[Exercise directions] When the line containing "Crook and Chase" is found in the data below, copy it and each line after it through the line containing "Брюки Calvin Klein", exactly and with no others.

[Dataset records]
****
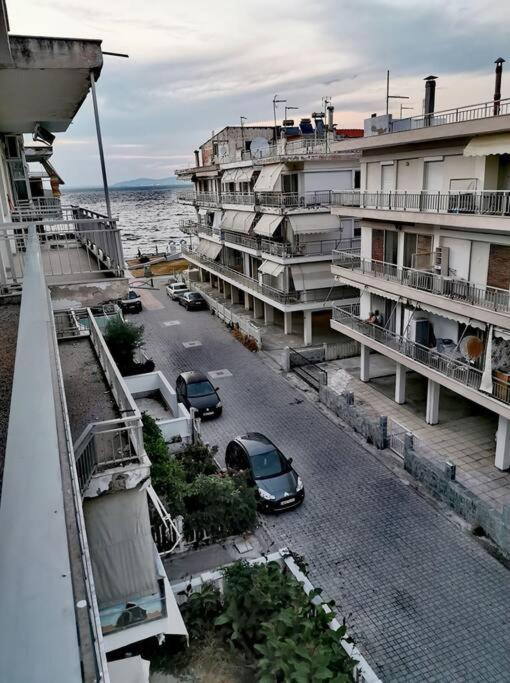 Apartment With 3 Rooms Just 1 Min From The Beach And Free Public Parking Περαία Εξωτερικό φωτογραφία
****
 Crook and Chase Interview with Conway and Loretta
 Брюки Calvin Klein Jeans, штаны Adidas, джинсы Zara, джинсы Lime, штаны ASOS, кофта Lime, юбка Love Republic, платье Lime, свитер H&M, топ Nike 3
****
[Response to this exercise]
 Crook and Chase Interview with Conway and Loretta
 Брюки Calvin Klein Jeans, штаны Adidas, джинсы Zara, джинсы Lime, штаны ASOS, кофта Lime, юбка Love Republic, платье Lime, свитер H&M, топ Nike 3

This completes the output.